The Indianapolis Colts’ Lucas Oil Stadium will host the meet in two years, marking a record-extending seventh time that the city will host an Olympic swimming trials. It first hosted the men’s trials in 1924, when the Olympics were in Paris, as they will be in 2024.

The Indianapolis Star first reported the trials venue.

Indianapolis hosted trials again in 1952 (women), 1984, 1992, 1996 and 2000, when a 15-year-old Michael Phelps made his first Olympic team.

This will be the first time that a major professional sports team venue will hold the meet. The Indiana University Natatorium held trials the last four times they were in Indianapolis.

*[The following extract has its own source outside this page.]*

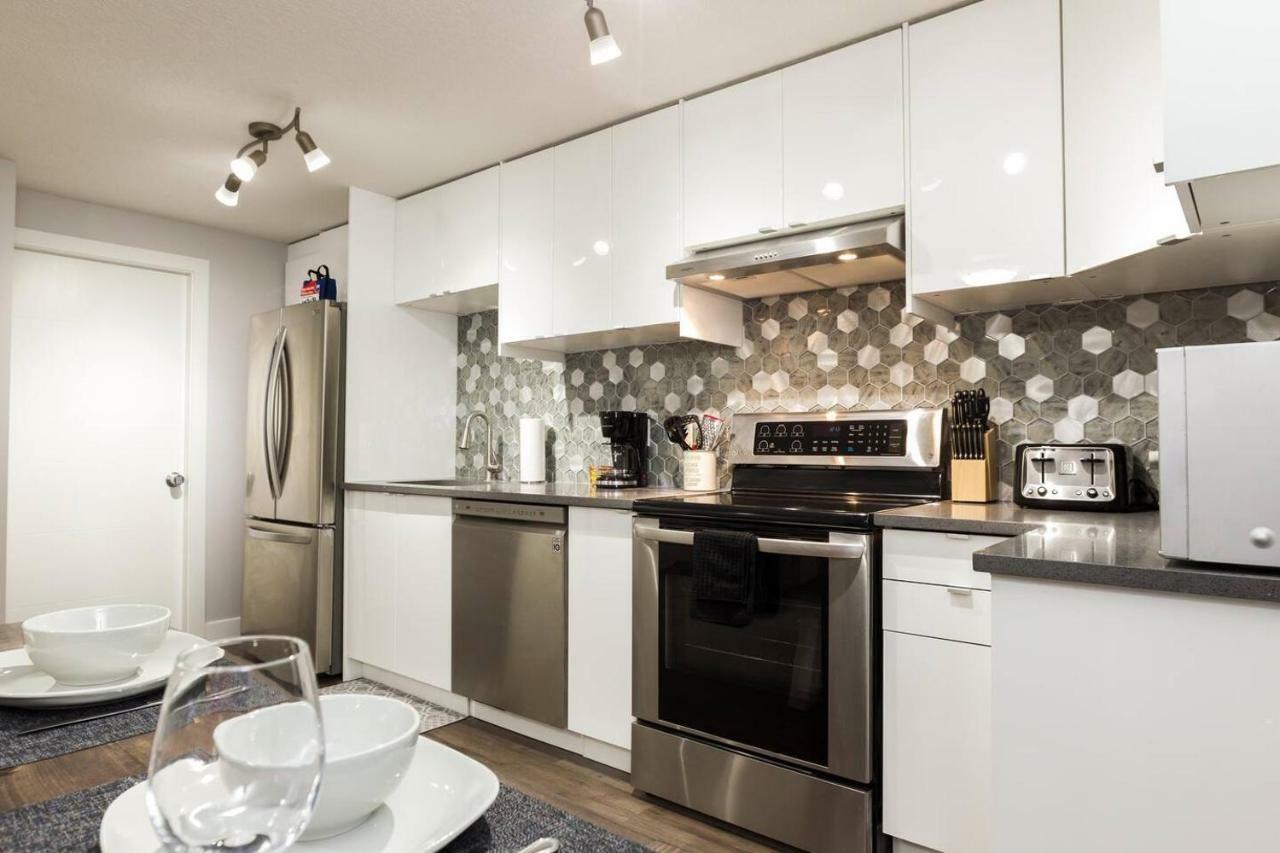 Modern Executive Suite I Complimentary Netflix & Parking! Έντμοντον Εξωτερικό φωτογραφία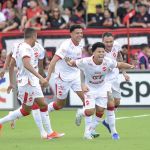 Com golaço do meio de campo, Vila Nova vence Atlético GO pelo Goiano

After trials were held outside in a Long Beach, California, parking lot in 2004, it became an arena show in Omaha starting in 2008 at a venue with about 14,500 seats.

Lucas Oil Stadium has a capacity of nearly 70,000 for football games. USA Swimming plans for 30,000 to 35,000 seats for trials, which would break the known record for most fans at an indoor Olympic swimming trials, according to the International Swimming Hall of Fame.

The 1932 women’s trials were held outdoors in Long Island, N.Y., with more than 40,000 fans, according to ISHOF records. The largest capacity for an Olympic swimming venue was 25,000 for the 1936 Berlin Games, according to the ISHOF, confirming the Indianapolis Star report.

Indianapolis was a finalist for trials as recently as 2016, while Omaha was selected for 2021 without a bid process. Omaha, Minneapolis and St. Louis were the other finalists for 2024.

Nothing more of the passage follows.